[Short web captions]
⟨
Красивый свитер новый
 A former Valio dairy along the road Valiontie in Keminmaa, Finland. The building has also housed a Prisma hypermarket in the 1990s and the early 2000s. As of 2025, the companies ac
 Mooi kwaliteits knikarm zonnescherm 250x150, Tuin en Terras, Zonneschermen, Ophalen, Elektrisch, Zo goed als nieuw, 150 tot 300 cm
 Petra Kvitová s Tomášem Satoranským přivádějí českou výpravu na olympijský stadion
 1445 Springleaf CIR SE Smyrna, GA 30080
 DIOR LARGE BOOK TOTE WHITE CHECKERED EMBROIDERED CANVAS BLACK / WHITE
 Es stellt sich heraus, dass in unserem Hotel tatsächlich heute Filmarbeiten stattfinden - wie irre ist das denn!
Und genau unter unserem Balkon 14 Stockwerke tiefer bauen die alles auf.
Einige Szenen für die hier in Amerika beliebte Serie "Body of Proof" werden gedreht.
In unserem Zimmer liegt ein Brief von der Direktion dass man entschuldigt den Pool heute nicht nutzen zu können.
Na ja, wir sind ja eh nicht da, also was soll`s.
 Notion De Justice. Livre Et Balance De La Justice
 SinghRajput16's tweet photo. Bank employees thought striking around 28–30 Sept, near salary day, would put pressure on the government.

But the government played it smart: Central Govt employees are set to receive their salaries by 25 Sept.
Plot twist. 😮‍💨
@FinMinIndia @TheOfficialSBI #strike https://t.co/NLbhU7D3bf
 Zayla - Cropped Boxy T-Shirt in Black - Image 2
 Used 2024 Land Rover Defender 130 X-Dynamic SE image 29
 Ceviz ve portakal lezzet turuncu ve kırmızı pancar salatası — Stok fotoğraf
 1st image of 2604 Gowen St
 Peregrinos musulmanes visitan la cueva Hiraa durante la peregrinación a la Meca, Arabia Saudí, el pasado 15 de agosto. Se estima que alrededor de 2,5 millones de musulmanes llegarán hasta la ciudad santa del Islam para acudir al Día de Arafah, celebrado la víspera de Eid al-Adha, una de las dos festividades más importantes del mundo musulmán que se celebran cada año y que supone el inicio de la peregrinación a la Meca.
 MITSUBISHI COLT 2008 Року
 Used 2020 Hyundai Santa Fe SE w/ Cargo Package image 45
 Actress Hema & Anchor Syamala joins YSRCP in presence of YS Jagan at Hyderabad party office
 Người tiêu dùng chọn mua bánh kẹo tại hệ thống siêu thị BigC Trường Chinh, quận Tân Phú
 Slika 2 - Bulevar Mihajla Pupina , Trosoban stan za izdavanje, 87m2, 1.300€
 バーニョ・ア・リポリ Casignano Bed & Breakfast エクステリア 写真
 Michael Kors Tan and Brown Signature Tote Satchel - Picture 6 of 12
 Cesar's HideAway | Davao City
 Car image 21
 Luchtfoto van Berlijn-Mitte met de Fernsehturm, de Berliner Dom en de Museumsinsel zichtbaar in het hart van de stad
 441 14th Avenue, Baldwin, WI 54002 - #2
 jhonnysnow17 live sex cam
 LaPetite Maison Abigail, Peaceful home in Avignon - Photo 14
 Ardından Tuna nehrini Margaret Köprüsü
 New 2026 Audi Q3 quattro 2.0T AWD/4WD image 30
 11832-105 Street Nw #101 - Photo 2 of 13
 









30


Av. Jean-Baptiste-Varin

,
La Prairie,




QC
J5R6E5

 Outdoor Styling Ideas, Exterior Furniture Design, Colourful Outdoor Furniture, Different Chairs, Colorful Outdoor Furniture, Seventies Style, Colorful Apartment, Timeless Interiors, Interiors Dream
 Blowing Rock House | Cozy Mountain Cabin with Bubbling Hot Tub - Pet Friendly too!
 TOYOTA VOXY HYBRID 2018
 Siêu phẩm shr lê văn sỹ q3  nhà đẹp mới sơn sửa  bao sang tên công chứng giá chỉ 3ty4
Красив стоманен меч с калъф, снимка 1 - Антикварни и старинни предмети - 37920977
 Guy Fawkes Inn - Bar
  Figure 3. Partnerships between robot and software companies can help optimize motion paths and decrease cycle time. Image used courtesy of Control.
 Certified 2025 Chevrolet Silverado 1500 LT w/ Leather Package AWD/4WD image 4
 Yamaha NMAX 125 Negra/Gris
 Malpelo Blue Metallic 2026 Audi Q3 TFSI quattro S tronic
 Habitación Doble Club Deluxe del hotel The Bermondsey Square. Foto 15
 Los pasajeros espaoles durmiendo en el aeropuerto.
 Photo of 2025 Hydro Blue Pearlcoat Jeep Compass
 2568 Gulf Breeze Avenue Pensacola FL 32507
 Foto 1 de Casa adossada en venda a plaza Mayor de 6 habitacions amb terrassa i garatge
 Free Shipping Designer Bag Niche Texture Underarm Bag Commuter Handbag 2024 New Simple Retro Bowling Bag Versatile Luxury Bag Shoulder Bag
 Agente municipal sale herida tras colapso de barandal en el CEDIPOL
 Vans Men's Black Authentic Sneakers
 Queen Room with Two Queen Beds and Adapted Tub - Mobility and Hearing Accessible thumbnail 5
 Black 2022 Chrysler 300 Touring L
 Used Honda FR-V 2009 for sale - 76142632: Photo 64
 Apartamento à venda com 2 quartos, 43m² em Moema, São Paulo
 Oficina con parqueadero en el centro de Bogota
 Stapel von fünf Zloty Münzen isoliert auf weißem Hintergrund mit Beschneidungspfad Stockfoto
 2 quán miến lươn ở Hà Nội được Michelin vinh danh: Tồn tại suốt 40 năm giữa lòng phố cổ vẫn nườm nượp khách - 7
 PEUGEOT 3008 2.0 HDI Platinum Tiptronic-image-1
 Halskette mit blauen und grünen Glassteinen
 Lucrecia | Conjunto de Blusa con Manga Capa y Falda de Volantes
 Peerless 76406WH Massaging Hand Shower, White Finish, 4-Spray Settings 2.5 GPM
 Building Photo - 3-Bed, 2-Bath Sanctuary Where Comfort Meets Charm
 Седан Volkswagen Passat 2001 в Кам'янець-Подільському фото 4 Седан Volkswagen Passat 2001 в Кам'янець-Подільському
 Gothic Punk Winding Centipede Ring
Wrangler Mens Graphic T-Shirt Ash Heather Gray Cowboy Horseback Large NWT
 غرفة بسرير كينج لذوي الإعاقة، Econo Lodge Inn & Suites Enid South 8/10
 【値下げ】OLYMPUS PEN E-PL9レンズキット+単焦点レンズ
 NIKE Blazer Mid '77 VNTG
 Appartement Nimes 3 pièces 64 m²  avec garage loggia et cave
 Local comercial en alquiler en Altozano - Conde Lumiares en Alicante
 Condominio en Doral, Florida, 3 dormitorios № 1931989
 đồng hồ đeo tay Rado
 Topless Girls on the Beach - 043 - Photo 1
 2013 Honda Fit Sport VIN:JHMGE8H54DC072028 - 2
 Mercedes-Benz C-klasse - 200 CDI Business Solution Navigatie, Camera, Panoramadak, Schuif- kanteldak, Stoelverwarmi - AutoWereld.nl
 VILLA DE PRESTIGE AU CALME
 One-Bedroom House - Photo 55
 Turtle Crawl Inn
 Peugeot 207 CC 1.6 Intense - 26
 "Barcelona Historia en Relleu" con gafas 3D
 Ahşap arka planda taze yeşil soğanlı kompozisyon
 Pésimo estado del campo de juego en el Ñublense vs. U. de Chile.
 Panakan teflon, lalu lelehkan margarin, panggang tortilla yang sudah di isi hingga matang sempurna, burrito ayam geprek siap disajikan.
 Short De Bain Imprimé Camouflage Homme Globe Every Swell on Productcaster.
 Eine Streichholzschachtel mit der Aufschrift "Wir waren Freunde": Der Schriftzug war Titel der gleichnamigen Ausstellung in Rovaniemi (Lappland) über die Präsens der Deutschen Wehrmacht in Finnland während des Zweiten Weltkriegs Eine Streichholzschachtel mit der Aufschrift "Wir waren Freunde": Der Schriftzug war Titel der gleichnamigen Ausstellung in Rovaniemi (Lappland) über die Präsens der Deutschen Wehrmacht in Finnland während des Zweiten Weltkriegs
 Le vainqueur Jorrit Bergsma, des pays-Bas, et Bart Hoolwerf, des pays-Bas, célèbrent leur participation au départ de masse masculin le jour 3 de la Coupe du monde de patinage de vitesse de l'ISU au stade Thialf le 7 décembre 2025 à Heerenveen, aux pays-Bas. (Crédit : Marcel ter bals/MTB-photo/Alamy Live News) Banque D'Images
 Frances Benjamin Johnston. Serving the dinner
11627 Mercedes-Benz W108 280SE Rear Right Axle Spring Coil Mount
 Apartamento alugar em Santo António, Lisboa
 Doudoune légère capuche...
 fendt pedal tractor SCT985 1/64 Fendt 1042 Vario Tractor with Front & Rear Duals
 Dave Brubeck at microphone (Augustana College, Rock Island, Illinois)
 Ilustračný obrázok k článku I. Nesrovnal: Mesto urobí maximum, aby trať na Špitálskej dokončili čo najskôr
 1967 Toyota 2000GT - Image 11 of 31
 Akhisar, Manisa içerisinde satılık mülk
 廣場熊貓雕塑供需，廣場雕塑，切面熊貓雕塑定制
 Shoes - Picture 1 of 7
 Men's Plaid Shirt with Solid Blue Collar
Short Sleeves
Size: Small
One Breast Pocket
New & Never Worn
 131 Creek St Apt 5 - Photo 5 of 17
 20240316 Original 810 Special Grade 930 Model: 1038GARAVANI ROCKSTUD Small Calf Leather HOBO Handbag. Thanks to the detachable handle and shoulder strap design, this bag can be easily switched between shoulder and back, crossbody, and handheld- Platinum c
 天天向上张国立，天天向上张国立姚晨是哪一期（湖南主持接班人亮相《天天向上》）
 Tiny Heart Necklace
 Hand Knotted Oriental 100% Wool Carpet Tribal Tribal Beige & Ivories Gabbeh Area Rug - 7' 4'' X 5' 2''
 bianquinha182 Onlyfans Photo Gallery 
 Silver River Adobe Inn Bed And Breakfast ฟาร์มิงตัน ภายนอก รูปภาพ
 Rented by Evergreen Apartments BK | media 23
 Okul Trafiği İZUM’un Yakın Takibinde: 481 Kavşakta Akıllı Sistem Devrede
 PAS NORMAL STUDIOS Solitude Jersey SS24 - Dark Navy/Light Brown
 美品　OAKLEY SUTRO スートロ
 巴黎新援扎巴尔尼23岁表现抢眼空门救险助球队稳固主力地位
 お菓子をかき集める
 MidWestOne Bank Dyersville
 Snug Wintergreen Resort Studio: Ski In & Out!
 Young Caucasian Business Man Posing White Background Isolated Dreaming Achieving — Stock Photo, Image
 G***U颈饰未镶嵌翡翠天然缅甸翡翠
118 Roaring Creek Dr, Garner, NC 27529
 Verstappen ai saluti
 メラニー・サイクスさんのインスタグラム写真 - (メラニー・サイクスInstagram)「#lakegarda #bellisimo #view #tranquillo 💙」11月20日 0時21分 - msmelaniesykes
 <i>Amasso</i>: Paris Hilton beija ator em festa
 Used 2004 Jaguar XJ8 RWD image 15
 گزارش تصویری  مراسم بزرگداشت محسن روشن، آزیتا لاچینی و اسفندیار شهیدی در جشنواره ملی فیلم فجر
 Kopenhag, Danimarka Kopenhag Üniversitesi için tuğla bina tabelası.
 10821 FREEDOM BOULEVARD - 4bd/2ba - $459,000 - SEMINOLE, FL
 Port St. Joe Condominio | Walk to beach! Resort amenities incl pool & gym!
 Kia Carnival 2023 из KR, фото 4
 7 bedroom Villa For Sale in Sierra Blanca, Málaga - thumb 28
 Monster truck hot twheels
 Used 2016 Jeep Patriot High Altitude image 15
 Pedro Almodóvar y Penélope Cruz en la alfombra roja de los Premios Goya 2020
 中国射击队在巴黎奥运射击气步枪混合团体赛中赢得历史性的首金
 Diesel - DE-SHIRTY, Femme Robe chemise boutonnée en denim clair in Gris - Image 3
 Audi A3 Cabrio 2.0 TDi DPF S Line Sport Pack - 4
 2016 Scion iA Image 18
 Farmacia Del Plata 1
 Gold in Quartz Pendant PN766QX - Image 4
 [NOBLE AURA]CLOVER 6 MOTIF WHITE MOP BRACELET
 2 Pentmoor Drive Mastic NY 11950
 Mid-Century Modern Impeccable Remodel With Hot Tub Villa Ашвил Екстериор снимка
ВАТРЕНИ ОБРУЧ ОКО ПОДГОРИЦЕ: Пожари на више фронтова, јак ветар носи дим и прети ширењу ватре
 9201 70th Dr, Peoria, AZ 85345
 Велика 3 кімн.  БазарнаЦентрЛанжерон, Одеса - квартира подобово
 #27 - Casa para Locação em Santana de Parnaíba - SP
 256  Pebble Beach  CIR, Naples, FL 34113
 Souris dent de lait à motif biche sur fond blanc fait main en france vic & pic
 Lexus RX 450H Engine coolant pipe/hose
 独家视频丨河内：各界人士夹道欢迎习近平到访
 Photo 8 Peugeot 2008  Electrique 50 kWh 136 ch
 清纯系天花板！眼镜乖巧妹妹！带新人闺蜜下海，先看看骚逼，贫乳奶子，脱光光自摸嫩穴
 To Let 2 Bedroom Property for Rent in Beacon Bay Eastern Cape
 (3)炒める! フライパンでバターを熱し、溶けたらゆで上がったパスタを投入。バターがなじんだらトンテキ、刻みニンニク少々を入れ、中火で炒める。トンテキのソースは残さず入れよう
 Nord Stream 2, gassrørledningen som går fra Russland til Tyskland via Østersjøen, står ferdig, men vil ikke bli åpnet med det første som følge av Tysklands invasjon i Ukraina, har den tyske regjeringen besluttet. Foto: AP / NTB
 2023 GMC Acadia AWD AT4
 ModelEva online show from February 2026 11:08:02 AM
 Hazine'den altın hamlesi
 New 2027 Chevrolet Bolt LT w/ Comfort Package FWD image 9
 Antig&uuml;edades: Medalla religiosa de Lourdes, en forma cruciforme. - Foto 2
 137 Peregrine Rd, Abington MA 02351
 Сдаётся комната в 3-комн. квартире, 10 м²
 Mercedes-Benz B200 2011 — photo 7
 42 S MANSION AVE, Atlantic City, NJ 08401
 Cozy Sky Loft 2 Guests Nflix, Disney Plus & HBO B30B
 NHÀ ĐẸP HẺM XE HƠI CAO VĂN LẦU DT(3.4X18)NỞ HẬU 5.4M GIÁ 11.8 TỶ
⟩
What is needed:
Find the lines in the records that include the string "Blue", and reply with how many there are, nothing more.

Task result:
3